I don’t know. It seems to me like John Hancock was a low-down tea smuggler who, like the modern day Koch Brothers, protected his business interests by financing a riot (aka the Boston Tea Party).

So, if the Royal Crown gives the colonies a huge break by eliminating the massive customs duties on imported tea, and thereby lower the price of tea dramatically, you tell people that they’re getting ripped off by the tiny tax that replaces the duties. And then maybe you give them a shilling or two to show up in the harbor with a torch.

With the Tea Act of 1773, the British government pretty much threw in the towel. For the first time, it allowed tea to be shipped directly to the colonies, bypassing London middlemen….

…The Tea Act got rid of the remaining customs duty and left only one tax of three pennies per pound — adding up to less than a quarter of the taxes that had been imposed earlier, and a small fraction of the taxes on tea sold in England…

…The effect of the Tea Act was not to make tea more expensive for colonists, but much less so — and much cheaper than it was in England.
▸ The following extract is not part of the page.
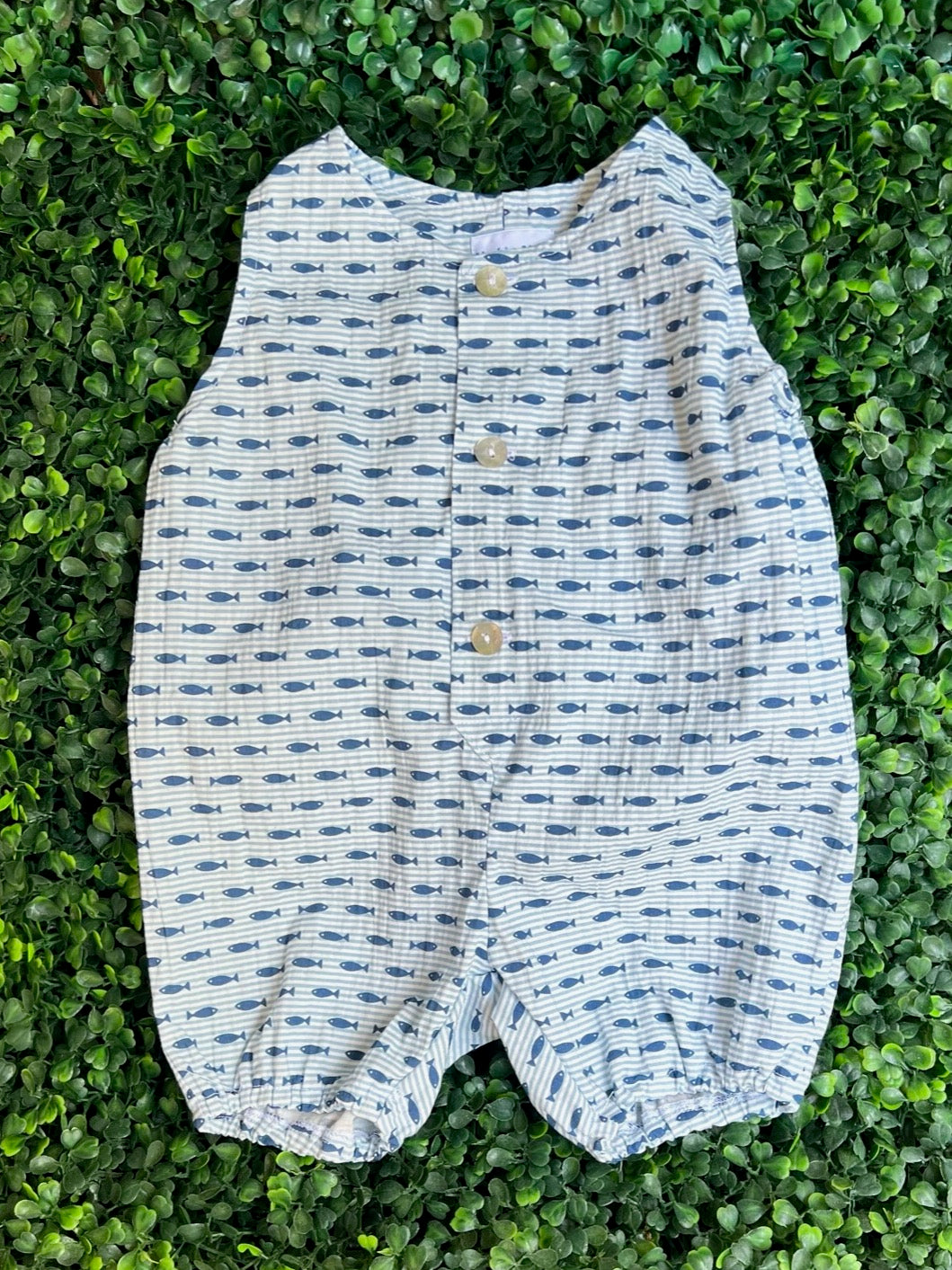 Leone Romper - Blue Fish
The economic losers here were tea smugglers, among them the wealthy merchant John Hancock, who would go on to become the first signer of the Declaration of Independence.

There’s a backstory to how this all happened, which involved the British East India Company promising the government that if they would lower the taxes on tea, it would increase sales and revenues to the government would actually go up. Of course, that didn’t happen.

The Boston Tea Party was a protest about a tax cut. Or, at least, a huge price cut. Everything eventually gets inverted. Something to think about on this, Jesus’s Big Weekend.